[Collection entries]
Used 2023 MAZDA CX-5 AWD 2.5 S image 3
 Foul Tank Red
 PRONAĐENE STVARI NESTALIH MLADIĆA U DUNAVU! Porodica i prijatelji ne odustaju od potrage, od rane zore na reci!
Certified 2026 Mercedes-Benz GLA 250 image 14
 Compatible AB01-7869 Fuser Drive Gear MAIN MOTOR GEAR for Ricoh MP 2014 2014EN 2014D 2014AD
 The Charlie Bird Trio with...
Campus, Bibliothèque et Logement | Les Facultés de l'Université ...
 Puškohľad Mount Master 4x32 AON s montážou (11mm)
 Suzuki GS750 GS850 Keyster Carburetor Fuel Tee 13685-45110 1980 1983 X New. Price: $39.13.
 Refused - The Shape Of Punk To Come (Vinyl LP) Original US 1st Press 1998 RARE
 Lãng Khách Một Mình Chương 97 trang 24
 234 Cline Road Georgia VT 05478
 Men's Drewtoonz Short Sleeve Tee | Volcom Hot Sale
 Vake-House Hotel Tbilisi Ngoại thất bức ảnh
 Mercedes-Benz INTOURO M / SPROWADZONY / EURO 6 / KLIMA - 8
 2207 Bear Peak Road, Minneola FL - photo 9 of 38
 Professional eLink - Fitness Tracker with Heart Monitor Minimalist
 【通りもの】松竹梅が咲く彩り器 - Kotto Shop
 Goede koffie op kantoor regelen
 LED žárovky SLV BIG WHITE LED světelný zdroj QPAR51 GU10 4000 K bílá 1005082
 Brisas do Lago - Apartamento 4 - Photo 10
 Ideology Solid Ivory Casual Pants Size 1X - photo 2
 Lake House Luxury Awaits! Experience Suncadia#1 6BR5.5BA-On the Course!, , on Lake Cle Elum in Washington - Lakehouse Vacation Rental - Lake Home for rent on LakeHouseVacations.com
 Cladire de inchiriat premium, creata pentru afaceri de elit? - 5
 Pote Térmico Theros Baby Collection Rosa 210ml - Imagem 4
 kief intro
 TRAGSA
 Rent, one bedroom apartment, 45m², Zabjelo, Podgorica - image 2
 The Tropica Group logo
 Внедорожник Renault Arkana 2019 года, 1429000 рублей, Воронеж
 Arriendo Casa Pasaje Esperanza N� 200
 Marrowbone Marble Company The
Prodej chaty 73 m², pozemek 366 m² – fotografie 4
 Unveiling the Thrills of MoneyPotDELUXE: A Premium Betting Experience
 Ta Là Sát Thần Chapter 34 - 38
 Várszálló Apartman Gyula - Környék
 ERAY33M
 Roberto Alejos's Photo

**TASK DESCRIPTION**
Set down every record above exactly as written.

**SOLVED PROBLEM**
Used 2023 MAZDA CX-5 AWD 2.5 S image 3
 Foul Tank Red
 PRONAĐENE STVARI NESTALIH MLADIĆA U DUNAVU! Porodica i prijatelji ne odustaju od potrage, od rane zore na reci!
Certified 2026 Mercedes-Benz GLA 250 image 14
 Compatible AB01-7869 Fuser Drive Gear MAIN MOTOR GEAR for Ricoh MP 2014 2014EN 2014D 2014AD
 The Charlie Bird Trio with...
Campus, Bibliothèque et Logement | Les Facultés de l'Université ...
 Puškohľad Mount Master 4x32 AON s montážou (11mm)
 Suzuki GS750 GS850 Keyster Carburetor Fuel Tee 13685-45110 1980 1983 X New. Price: $39.13.
 Refused - The Shape Of Punk To Come (Vinyl LP) Original US 1st Press 1998 RARE
 Lãng Khách Một Mình Chương 97 trang 24
 234 Cline Road Georgia VT 05478
 Men's Drewtoonz Short Sleeve Tee | Volcom Hot Sale
 Vake-House Hotel Tbilisi Ngoại thất bức ảnh
 Mercedes-Benz INTOURO M / SPROWADZONY / EURO 6 / KLIMA - 8
 2207 Bear Peak Road, Minneola FL - photo 9 of 38
 Professional eLink - Fitness Tracker with Heart Monitor Minimalist
 【通りもの】松竹梅が咲く彩り器 - Kotto Shop
 Goede koffie op kantoor regelen
 LED žárovky SLV BIG WHITE LED světelný zdroj QPAR51 GU10 4000 K bílá 1005082
 Brisas do Lago - Apartamento 4 - Photo 10
 Ideology Solid Ivory Casual Pants Size 1X - photo 2
 Lake House Luxury Awaits! Experience Suncadia#1 6BR5.5BA-On the Course!, , on Lake Cle Elum in Washington - Lakehouse Vacation Rental - Lake Home for rent on LakeHouseVacations.com
 Cladire de inchiriat premium, creata pentru afaceri de elit? - 5
 Pote Térmico Theros Baby Collection Rosa 210ml - Imagem 4
 kief intro
 TRAGSA
 Rent, one bedroom apartment, 45m², Zabjelo, Podgorica - image 2
 The Tropica Group logo
 Внедорожник Renault Arkana 2019 года, 1429000 рублей, Воронеж
 Arriendo Casa Pasaje Esperanza N� 200
 Marrowbone Marble Company The
Prodej chaty 73 m², pozemek 366 m² – fotografie 4
 Unveiling the Thrills of MoneyPotDELUXE: A Premium Betting Experience
 Ta Là Sát Thần Chapter 34 - 38
 Várszálló Apartman Gyula - Környék
 ERAY33M
 Roberto Alejos's Photo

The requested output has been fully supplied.